Can you comment about how your concept of "date fraud" affects male victims of sexual violence? You write,

It is important that a woman’s “noes” be respected and her “yeses” be respected. And it is also important when her nonverbal “yeses” (tongues still touching) conflict with those verbal “noes” that the man not be put in jail for choosing the “yes” over the “no.” He might just be trying to become her fantasy. (p. 315)

It's common for people to think men cannot be raped. When a man says "no" people may interpret this as a mixed message and decide to "become [his] fantasy" and he could be raped.

Also, does this mean that any defendent who can reasonably asert there were mixed messages (or so they thought) should be found "not guilty"? That's a steep burden for prosecutors.

the quote comes from the politics of sex chapter of The Myth of Male Power.
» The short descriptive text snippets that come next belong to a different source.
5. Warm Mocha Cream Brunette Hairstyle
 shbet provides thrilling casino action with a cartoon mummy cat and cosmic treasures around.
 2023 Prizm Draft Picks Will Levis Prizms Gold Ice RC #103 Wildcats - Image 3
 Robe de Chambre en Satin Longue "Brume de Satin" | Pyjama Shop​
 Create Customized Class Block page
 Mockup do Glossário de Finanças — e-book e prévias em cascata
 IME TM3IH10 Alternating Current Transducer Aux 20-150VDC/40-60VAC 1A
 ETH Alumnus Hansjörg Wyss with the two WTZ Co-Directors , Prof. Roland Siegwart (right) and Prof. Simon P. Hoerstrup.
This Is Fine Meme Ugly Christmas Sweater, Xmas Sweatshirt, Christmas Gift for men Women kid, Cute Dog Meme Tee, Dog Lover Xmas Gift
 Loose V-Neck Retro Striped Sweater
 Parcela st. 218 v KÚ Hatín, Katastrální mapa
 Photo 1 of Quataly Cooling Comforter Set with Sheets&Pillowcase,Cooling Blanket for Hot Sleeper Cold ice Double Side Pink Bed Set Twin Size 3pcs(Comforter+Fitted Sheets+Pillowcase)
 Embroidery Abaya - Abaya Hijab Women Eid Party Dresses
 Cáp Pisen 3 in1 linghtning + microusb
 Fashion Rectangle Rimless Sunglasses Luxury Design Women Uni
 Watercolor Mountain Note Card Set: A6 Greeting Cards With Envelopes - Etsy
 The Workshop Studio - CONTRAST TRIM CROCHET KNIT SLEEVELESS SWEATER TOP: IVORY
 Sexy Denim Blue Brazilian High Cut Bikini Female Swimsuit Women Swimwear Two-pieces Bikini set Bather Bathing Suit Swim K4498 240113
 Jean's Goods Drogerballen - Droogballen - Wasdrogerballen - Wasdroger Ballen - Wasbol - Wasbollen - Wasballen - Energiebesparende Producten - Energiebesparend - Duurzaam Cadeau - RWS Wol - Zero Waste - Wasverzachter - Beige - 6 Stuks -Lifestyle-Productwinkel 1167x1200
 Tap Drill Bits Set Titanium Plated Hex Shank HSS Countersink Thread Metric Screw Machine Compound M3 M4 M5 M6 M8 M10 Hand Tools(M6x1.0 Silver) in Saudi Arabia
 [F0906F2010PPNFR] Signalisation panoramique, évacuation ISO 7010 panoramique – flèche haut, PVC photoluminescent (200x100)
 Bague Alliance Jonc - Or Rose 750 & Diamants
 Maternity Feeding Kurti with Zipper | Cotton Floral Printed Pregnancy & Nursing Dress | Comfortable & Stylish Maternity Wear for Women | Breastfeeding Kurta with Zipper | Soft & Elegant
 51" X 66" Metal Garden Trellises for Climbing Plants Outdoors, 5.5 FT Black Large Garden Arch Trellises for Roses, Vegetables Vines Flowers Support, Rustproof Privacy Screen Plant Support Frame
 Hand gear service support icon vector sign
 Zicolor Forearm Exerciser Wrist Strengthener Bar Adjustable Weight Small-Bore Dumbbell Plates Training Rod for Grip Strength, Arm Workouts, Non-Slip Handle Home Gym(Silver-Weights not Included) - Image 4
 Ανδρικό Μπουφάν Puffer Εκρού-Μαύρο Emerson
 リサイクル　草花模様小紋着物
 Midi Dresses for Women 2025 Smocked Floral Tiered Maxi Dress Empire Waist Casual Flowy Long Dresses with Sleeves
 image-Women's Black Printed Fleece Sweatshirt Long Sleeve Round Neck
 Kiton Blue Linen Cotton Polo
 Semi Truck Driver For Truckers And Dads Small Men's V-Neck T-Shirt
The point that "He might just be trying to become her fantasy" comes after a discussion of how romance novels and, in my 2014 edition, books like 50 Shades of Grey--books that are the female fantasy--are rarely titled, "He Stopped When I Said 'No.'" The point is that women's romance novels are still fantasizing the male-female dichotomy of attract/resist versus pursue/persist, and the law is increasingly punishing that as sexual harassment or date rape.

the law is about dichotomy: guilty vs. innocent. male-female sexual attraction is about nuance. the court can't begin to address the nuances of the male-female tango. the male role is punishable by law. women have not been resocialized to share the risks of rejection by expectation, only by option. the male role is being criminalized; the female increasingly has the option of calling his role courtship when she likes it, and taking him to court when she doesn't.

the answer is education about each sex's fears and feelings--and that education being from early junior high school. we need to focus on making adolescence a better preparation for real love within the framework of respect for the differences in our hormones.

the most dangerous thing that's going on in some colleges is saying that a woman who says "yes" but is drunk can say in the morning that she was raped, because she was drunk and wasn't responsible. this is like saying someone who drinks and gets in the car and has an accident is not responsible and shouldn't get a DUI because she or he is drunk. we would never say the guy isn't responsible for raping her because he's drunk. these rules infantalize women and the female role, and criminalize men and the male role.